Pushing on with Mastermndio's free Terrform course!
- It would help if you did the previous classes
- Input variables can be applied across multiple environments/workspaces
- Input Variables
- Modules
- Output Variables
- Practice!
HCL allows you to use variables for making dynamic configurations
These variables can be used to specify values for parameters and args that may change, depending on how you're using the config. They can be placed in files with these formats:
- variables.tf
- terraform.tfvars
- terraform.tfvars.json Then you reference the variables contained within, in your main config file
Environment variables are prefixed with TF_VAR_
We declare variables like a resource in our configuration
We're going to have a play with variables and how they integrate with the Terraform.

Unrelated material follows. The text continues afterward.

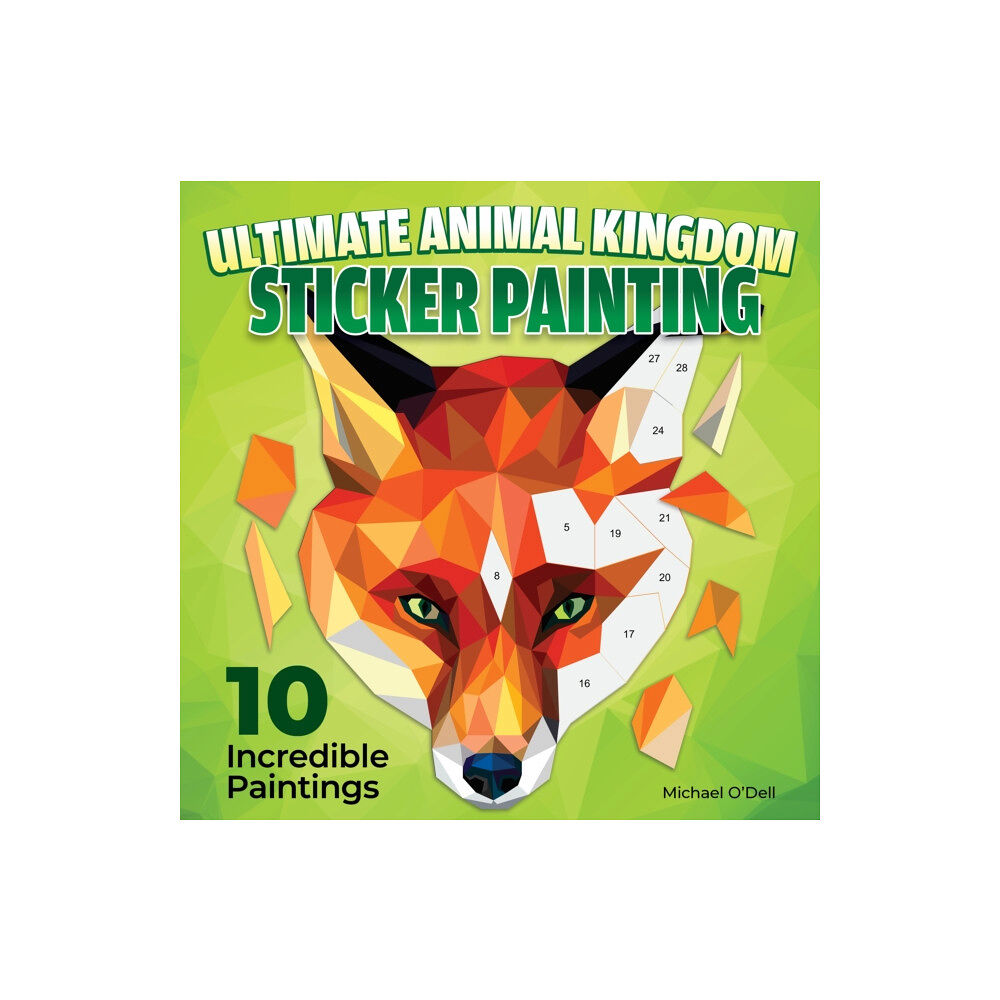 Design Originals Ultimate Animal Kingdom Sticker Painting (häftad, eng)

The relevant documentation
HCL is stongly typed, so you need to remember to declare this too, e.g.:
variable "image_id" {
type = string
}
You can also set a default:
variable "availability_zone_names" {
type = list(string)
default = ["us-west-1a"]
}
We're going to set a variable in the main infrastructure.tf
file, and call it with var.<variableName>
- In this case, it's
ami = var.machine_image
If nothing is passed to the machine_image variable, the default gets passed instead.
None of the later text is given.